▶ WHAT TO WORK ON:
The result should be an exact copy of the entries below, free of pictures.

▶ INPUT RECORDS:
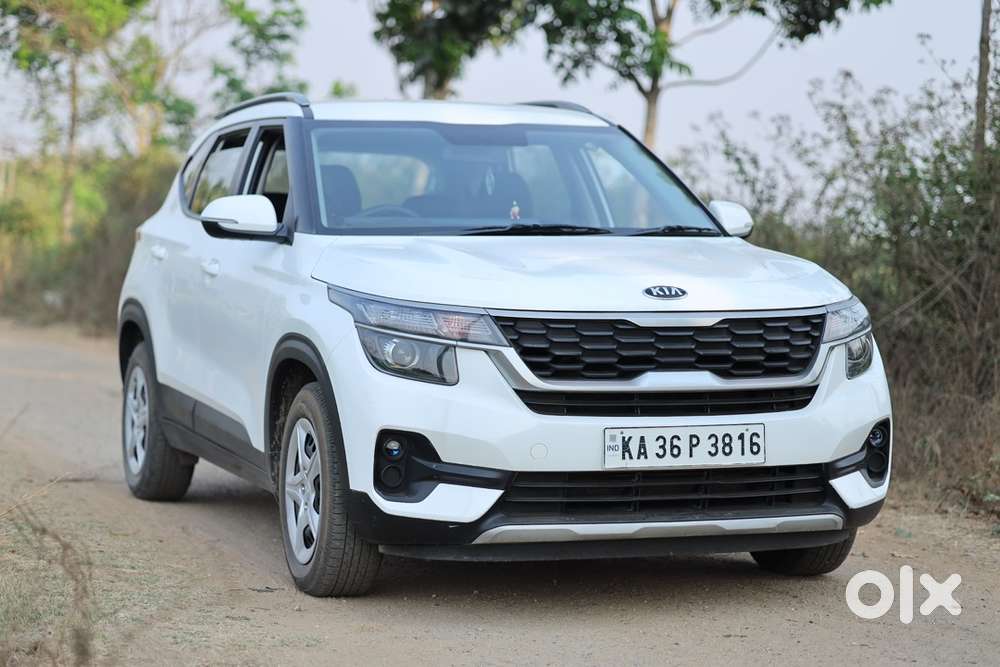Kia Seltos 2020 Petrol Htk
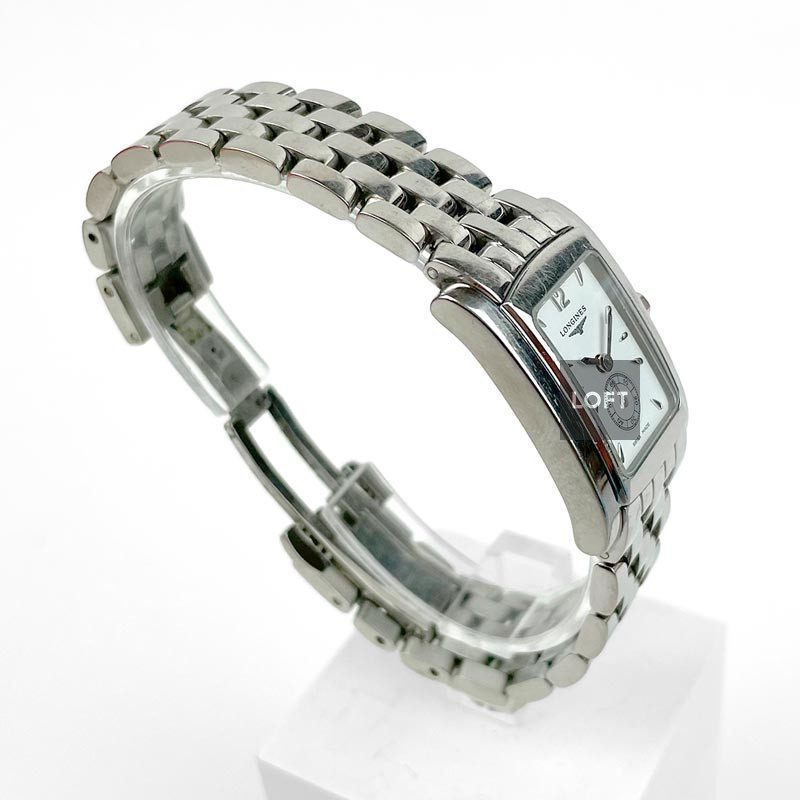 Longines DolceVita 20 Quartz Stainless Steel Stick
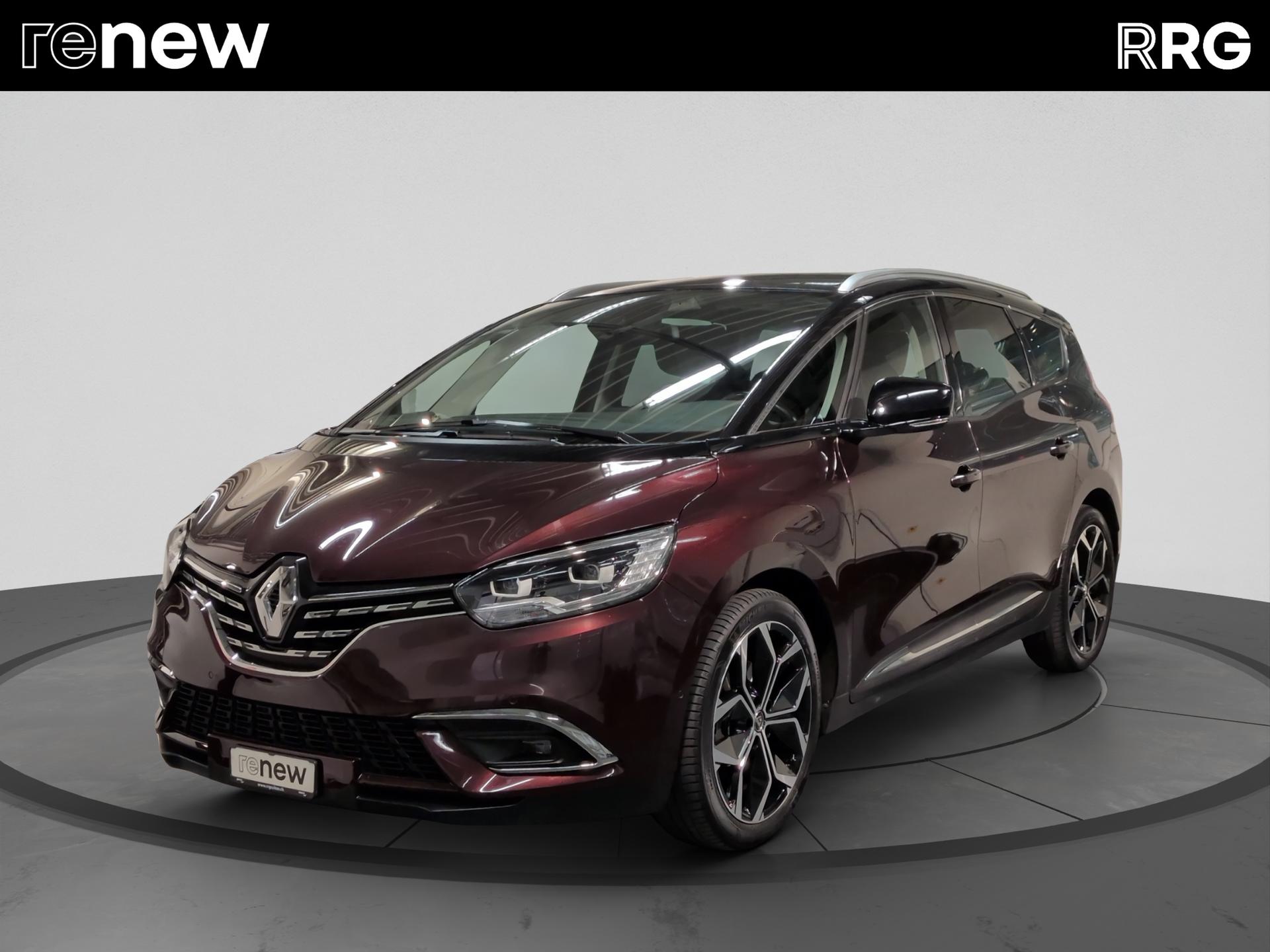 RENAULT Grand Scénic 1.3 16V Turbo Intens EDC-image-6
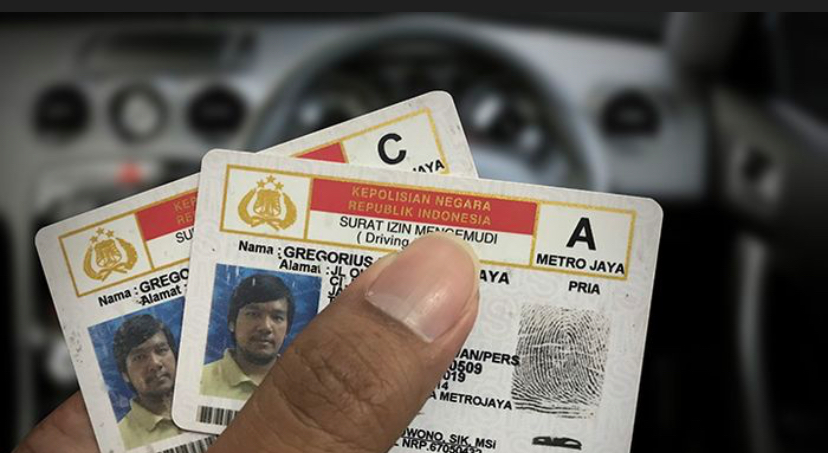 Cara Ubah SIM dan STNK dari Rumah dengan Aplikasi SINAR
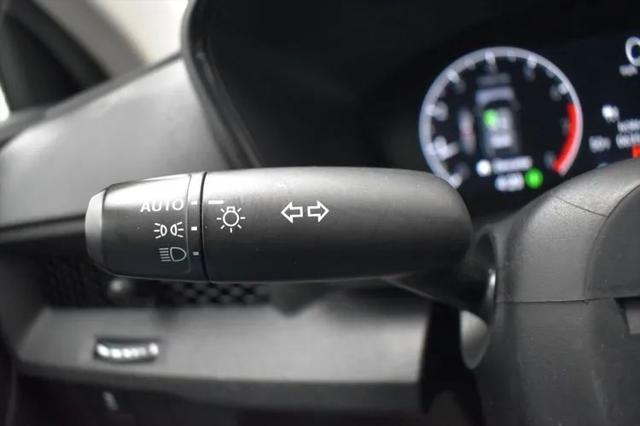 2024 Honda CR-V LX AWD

▶ SOLVED PROBLEM:
Kia Seltos 2020 Petrol Htk
 Longines DolceVita 20 Quartz Stainless Steel Stick
 RENAULT Grand Scénic 1.3 16V Turbo Intens EDC-image-6
 Cara Ubah SIM dan STNK dari Rumah dengan Aplikasi SINAR
 2024 Honda CR-V LX AWD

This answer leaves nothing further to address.